Huge ‘Back To The Future’ Flaw Destroys Trilogy… And Childhood [VIDEOS]
It's no secret that I am a huge fan of the "Back To The Future" trilogy. Hell, I almost burned down my garage as a kid trying to recreate the time machine's fire trails (click here to read about that). Being that this is the year that Marty & Doc travel to in the second installment, the internet has blown up with articles about what the movie got right and wrong about 2015.
We decided to watch the entire trilogy over the weekend, and while I was looking for things that may have been overlooked in the comparison articles, I discovered something that blew my mind. Flying cars isn't the only thing "Back To The Future - Part 2" got wrong. Someone on the writing staff seriously fluxed up Doctor Emmett L. Brown's time travel logic.
If you'll recall, the DeLorean needs not only 1.21 jigawatts of electricity to travel through time, but it also needs to be traveling at 88 miles per hour, right? If that's the case, "Back To The Future - Part 3" should never have happened.

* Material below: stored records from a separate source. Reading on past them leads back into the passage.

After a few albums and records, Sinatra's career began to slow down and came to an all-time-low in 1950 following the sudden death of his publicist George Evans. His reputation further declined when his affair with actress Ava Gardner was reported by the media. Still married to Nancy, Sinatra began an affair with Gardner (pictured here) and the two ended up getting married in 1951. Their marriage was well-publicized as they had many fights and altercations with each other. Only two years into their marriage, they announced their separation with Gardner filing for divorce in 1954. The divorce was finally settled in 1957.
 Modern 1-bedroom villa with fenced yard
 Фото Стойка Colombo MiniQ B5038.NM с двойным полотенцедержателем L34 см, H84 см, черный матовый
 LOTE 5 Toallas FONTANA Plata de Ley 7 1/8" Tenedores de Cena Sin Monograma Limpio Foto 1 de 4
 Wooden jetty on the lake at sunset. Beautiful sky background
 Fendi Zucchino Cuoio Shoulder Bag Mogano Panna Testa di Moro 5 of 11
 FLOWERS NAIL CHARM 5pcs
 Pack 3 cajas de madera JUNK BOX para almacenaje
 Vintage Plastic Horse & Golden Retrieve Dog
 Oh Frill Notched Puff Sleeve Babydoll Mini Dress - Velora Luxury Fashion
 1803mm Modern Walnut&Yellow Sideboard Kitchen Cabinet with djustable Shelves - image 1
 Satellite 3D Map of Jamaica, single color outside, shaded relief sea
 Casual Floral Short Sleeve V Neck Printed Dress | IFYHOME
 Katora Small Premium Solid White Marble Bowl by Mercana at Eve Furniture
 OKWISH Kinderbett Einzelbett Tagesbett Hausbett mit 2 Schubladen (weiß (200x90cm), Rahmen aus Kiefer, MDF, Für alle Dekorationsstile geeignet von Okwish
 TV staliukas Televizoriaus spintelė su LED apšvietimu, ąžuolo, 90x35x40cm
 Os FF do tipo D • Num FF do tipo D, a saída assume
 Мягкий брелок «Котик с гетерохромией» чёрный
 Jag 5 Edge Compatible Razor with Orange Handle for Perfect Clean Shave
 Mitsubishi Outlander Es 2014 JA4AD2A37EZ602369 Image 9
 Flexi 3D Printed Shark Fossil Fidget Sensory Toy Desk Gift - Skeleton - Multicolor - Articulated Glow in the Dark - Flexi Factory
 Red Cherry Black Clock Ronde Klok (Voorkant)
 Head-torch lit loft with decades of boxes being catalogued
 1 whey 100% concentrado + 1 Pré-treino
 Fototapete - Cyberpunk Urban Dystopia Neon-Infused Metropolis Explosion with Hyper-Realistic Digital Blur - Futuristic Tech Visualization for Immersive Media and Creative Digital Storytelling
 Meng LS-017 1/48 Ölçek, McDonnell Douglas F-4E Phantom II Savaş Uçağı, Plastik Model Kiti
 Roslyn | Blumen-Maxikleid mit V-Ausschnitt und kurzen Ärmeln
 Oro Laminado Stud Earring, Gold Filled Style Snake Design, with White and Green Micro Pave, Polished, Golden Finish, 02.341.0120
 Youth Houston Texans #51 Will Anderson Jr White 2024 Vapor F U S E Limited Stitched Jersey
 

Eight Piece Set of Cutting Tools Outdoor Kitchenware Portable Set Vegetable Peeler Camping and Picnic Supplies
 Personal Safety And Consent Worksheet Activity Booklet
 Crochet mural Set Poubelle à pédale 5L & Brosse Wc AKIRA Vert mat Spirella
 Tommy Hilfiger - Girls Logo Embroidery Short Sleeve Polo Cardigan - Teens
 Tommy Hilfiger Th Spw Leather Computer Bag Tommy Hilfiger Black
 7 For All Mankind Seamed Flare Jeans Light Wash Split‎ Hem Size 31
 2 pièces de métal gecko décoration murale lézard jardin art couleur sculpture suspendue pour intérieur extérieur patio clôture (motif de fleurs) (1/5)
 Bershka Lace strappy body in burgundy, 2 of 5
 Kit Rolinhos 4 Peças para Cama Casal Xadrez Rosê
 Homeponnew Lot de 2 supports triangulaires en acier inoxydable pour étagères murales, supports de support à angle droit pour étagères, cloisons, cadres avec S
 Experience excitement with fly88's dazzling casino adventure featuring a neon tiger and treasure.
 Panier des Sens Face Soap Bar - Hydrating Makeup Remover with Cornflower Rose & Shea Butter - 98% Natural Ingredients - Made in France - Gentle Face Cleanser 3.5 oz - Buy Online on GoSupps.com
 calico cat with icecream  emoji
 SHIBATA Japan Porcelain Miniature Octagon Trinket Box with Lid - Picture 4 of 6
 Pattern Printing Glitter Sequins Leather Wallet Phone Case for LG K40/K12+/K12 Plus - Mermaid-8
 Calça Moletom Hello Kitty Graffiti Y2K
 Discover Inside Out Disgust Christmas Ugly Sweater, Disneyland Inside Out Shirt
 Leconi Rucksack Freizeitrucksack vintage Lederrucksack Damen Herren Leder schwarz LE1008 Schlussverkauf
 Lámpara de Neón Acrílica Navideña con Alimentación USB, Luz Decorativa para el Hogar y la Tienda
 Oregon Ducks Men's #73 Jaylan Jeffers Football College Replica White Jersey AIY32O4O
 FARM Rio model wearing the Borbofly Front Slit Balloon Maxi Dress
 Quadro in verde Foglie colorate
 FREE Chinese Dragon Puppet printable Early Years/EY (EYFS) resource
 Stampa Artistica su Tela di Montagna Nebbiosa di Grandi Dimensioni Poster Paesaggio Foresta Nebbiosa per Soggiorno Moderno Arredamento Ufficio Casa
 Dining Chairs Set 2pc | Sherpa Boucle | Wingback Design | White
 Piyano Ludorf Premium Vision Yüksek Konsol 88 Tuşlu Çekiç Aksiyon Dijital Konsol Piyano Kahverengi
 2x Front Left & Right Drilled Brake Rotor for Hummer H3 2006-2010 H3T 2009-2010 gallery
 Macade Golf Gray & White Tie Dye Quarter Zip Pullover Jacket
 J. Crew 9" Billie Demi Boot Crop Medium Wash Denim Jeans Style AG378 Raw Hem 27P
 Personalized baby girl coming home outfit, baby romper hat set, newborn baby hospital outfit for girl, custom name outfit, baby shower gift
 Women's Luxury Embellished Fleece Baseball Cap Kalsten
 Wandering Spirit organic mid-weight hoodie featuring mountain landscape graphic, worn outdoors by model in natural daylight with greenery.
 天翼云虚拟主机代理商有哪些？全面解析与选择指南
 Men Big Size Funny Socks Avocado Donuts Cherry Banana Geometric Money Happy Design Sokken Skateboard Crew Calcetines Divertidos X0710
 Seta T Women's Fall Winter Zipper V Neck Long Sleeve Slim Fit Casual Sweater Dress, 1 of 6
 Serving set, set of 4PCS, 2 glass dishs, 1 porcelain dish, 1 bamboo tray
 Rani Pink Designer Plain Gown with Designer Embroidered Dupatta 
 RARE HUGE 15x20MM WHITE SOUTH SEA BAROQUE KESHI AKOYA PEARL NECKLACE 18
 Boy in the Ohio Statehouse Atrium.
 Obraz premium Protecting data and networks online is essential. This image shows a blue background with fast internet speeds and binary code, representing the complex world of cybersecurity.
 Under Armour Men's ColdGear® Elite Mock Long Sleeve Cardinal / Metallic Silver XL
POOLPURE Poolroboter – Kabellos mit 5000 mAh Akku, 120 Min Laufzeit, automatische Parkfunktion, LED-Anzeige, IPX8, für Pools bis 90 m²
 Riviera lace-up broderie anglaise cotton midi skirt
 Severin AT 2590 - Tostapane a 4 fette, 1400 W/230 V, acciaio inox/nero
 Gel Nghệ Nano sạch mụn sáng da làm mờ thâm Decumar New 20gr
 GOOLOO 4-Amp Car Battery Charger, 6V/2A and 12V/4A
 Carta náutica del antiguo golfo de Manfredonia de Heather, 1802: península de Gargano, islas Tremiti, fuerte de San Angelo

At the end of second movie, everything gets resolved and Marty and Doc are about to head home to 1985. But while hovering in the sky, and with the time circuits engaged, the DeLorean is struck by lightning sending Doc back to 1885. But wait a minute? Doc was stationary! How did that happen? If that worked, there goes the plot of the first movie. There was no need for Marty to speed towards the clock tower accelerating to 88mph, he could have just sat in the street and waited for the lightning to hit.
So there you have it. In a matter of seconds my childhood crumbled. Does this mean that Doc's flux capacitor doesn't really work? Does Hill Valley even exist? If Marty McFly didn't invent Rock & Roll, who did?